Records provided.
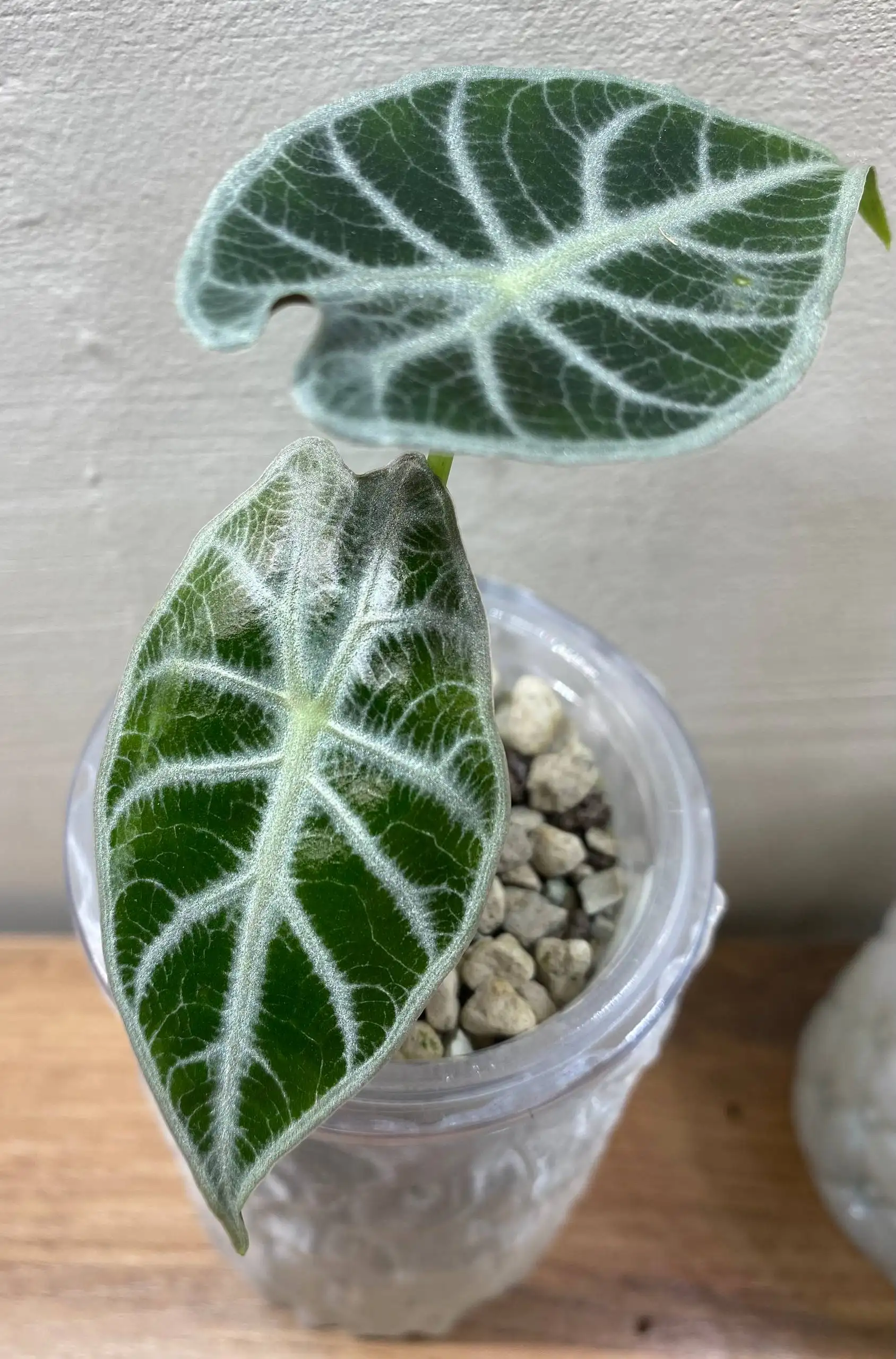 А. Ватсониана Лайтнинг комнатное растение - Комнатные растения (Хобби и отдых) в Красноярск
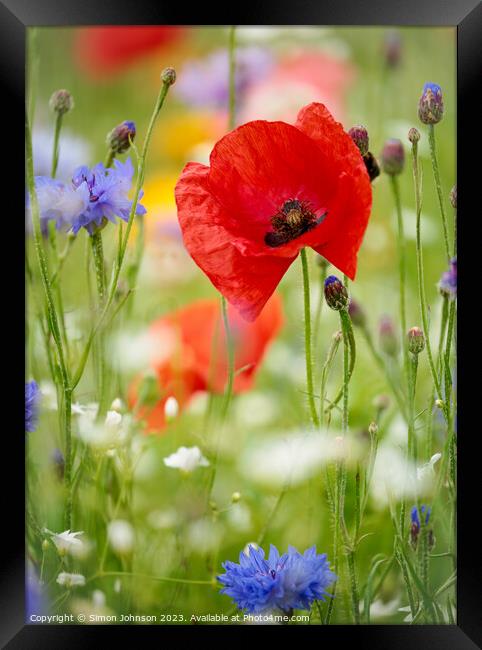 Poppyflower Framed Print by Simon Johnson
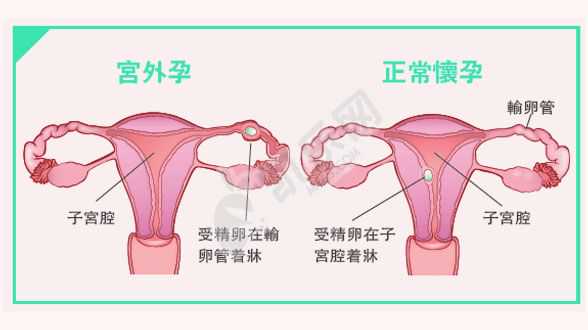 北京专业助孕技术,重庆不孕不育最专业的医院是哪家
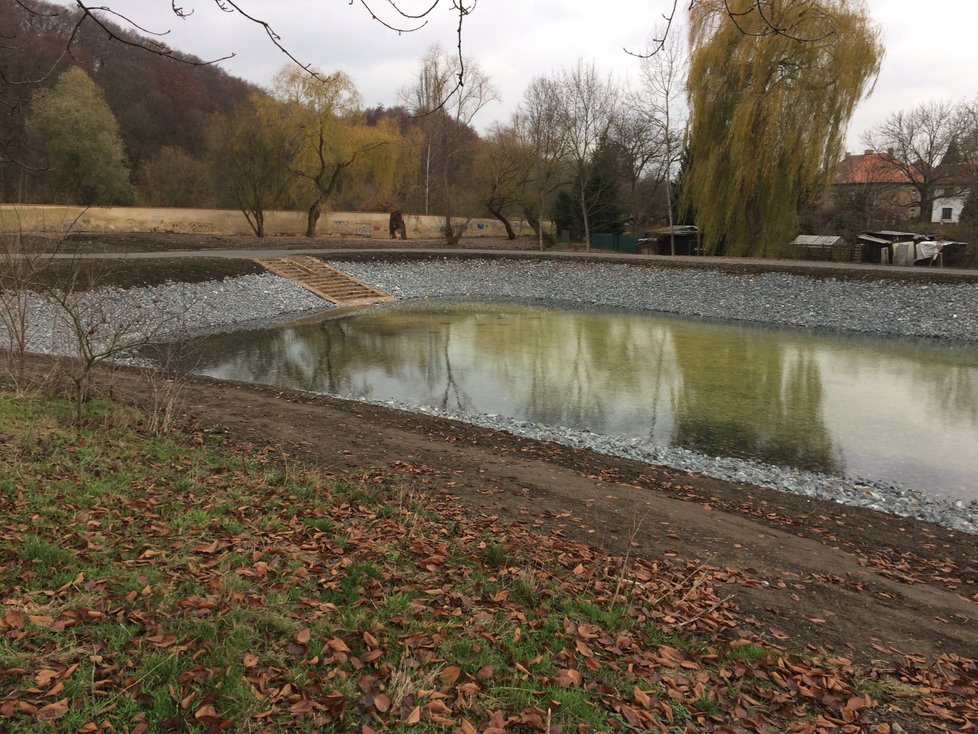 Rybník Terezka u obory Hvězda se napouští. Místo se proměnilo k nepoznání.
---
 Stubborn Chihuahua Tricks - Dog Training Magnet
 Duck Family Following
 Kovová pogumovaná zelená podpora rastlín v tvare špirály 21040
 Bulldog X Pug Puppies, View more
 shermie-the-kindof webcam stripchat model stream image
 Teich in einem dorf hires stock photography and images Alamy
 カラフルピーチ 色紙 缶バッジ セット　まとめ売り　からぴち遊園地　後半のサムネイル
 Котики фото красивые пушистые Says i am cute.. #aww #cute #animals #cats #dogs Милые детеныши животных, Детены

Assigned task. What do the lines above say from the one containing "カラフルピーチ 色紙 缶バッジ セット　まとめ売り　からぴち遊園地　後半のサムネイル" down to the one containing "Котики фото красивые"? Return them exactly, both end lines included, and only them.

The answer.
 カラフルピーチ 色紙 缶バッジ セット　まとめ売り　からぴち遊園地　後半のサムネイル
 Котики фото красивые пушистые Says i am cute.. #aww #cute #animals #cats #dogs Милые детеныши животных, Детены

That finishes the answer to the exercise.